*Supplied information:*
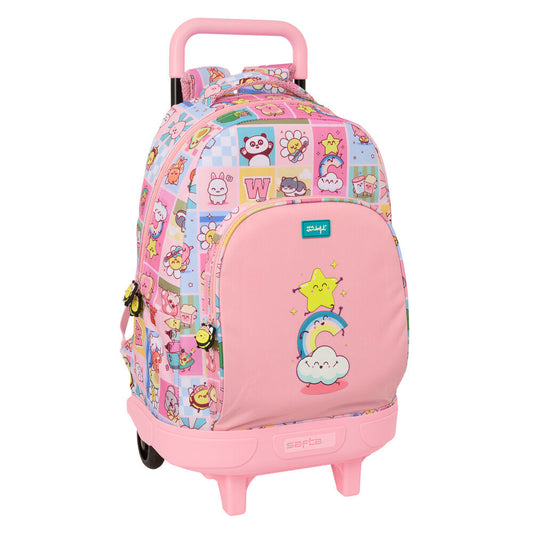Trolley extraible Comic Mr. Wonderful 45cm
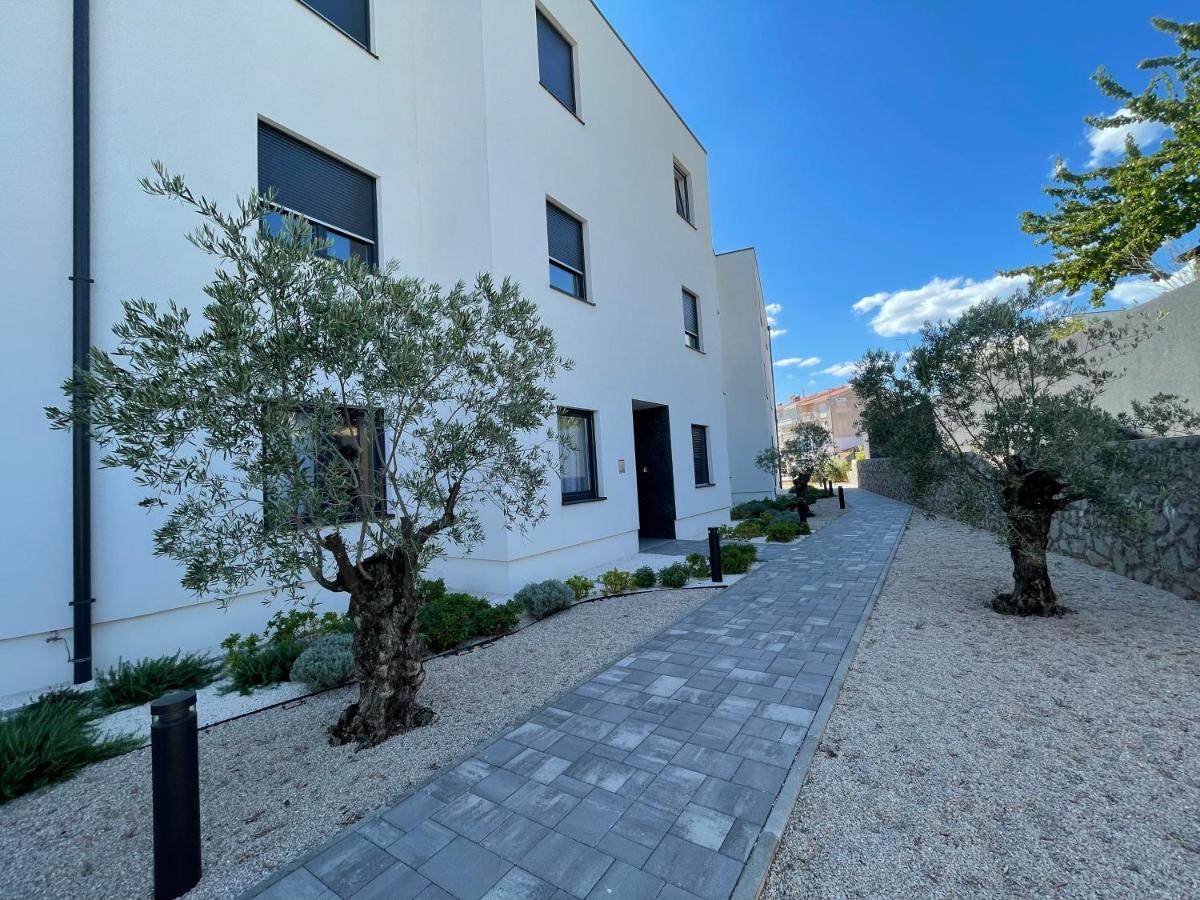 Lux Nanea Apartment - B&B Krk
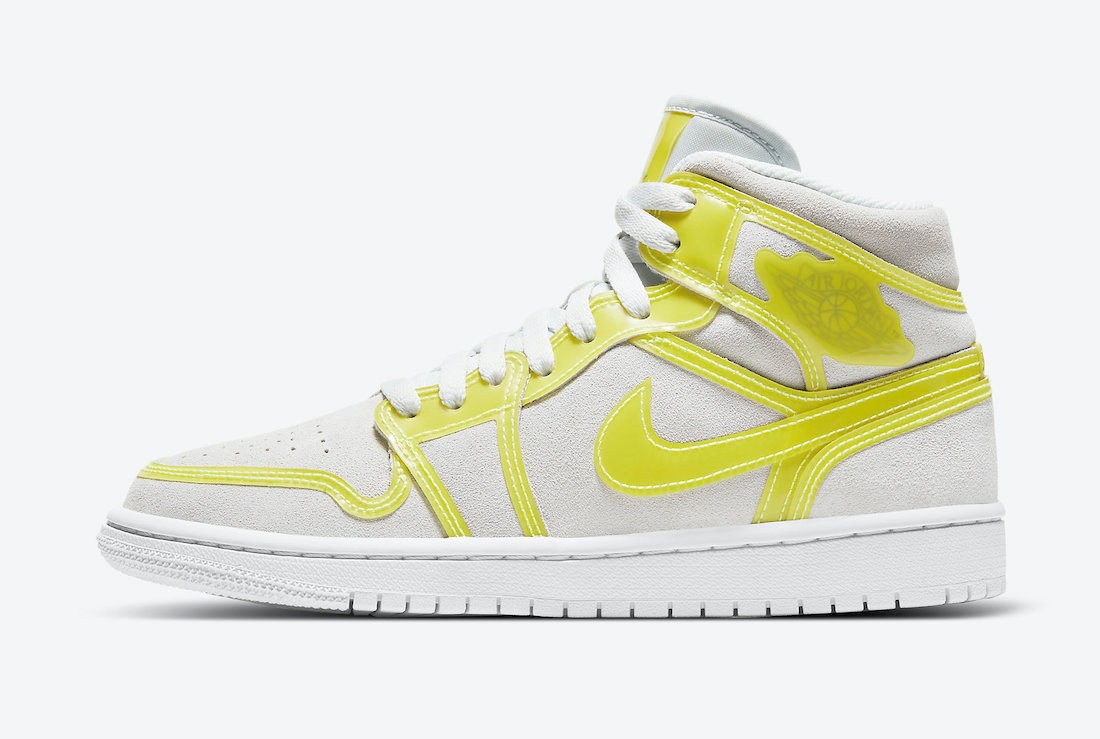 AJ1,Air Jordan 1 AJ1 又有新鞋型曝光!全新 AJ1 Mid LX 下月发售 AJ1,Air Jordan 1 AJ1 又有新鞋型曝光!全新 AJ1 Mid LX 下月发售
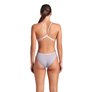 Maillot de bain femme 1 pièce ARENA WOMEN'S SWIMSUIT LACE BACK SOLID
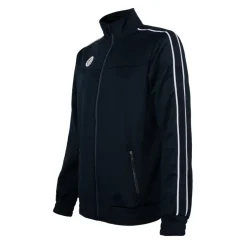 Hockeykleding-The Indian Maharadja Jaipur Performance trainingsjack heren navy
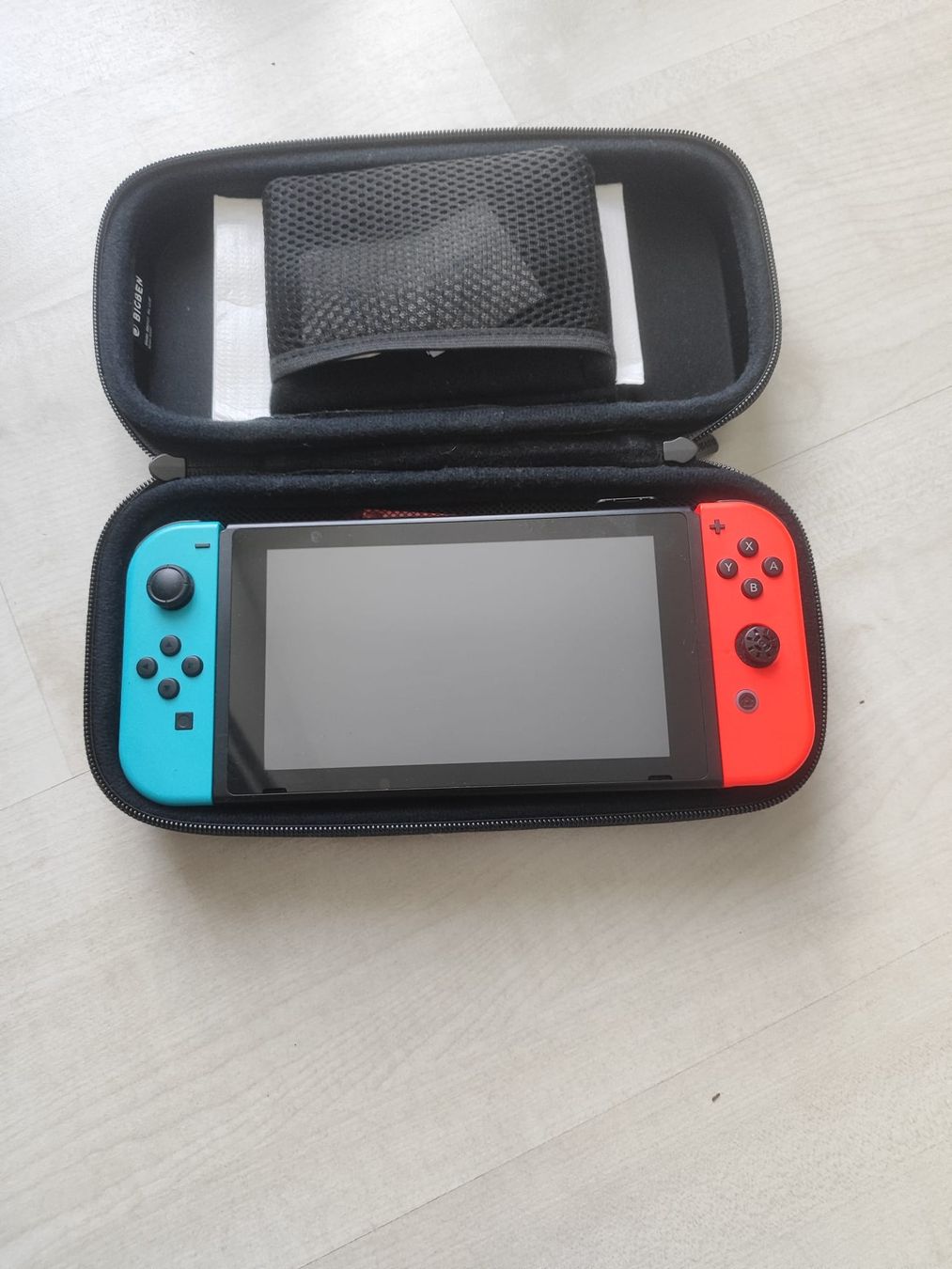 Nintendo Consoles: Nintendo Switch – D'occasion à Affoltern am Albis par Avogadra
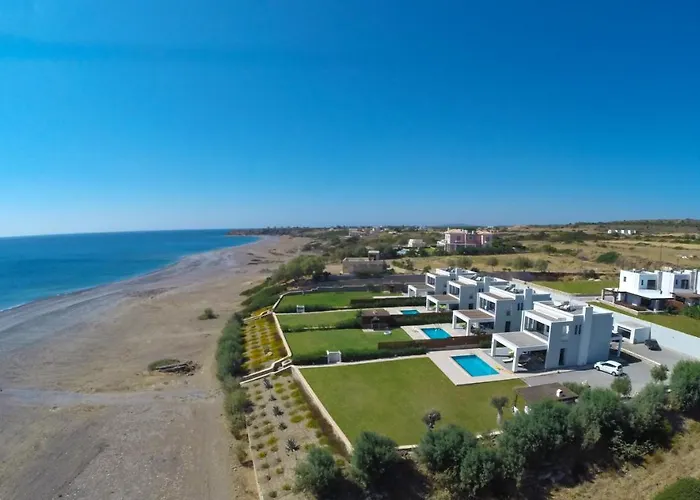 Antonoglou - Waterfront Luxury Retreat Villa Lachania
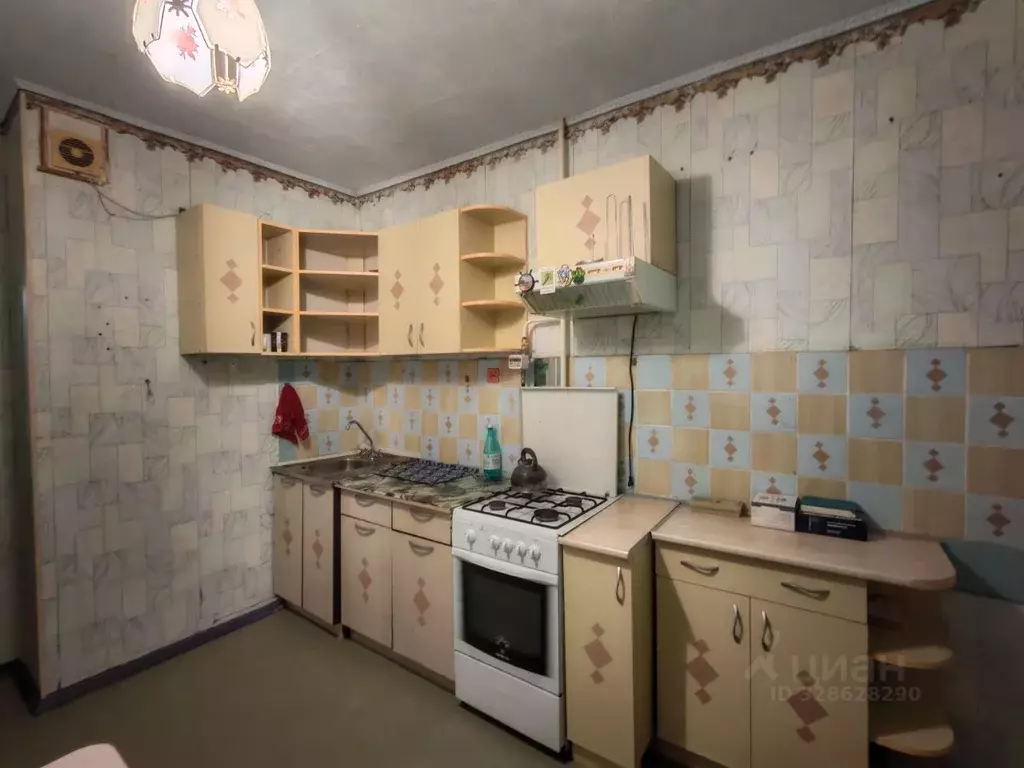 1-к кв. Волгоградская область, Волгоград ул. Менжинского, 19 (36.0 м) - Фото 1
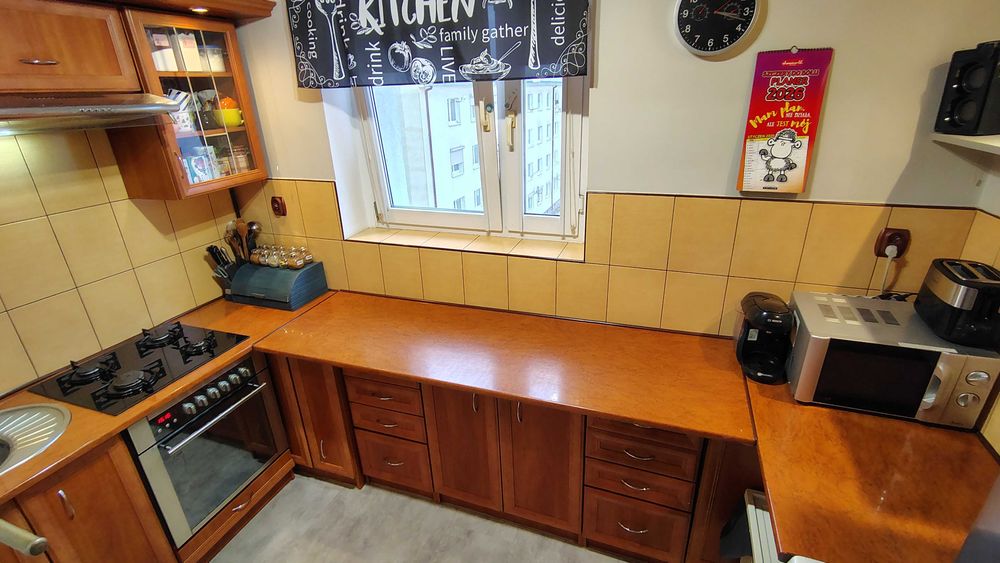 Przytulne mieszkanie w Biedrusku.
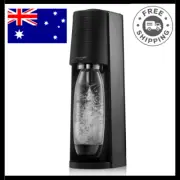 SodaStream Terra Classic Sparkling Water Soda Maker Machine WITH CYLINDER New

*Description of the task:* Produce a verbatim copy of every entry, excluding pictures.

*Reply:*
Trolley extraible Comic Mr. Wonderful 45cm
 Lux Nanea Apartment - B&B Krk
 AJ1,Air Jordan 1 AJ1 又有新鞋型曝光!全新 AJ1 Mid LX 下月发售 AJ1,Air Jordan 1 AJ1 又有新鞋型曝光!全新 AJ1 Mid LX 下月发售
 Maillot de bain femme 1 pièce ARENA WOMEN'S SWIMSUIT LACE BACK SOLID
 Hockeykleding-The Indian Maharadja Jaipur Performance trainingsjack heren navy
 Nintendo Consoles: Nintendo Switch – D'occasion à Affoltern am Albis par Avogadra
 Antonoglou - Waterfront Luxury Retreat Villa Lachania
 1-к кв. Волгоградская область, Волгоград ул. Менжинского, 19 (36.0 м) - Фото 1
 Przytulne mieszkanie w Biedrusku.
 SodaStream Terra Classic Sparkling Water Soda Maker Machine WITH CYLINDER New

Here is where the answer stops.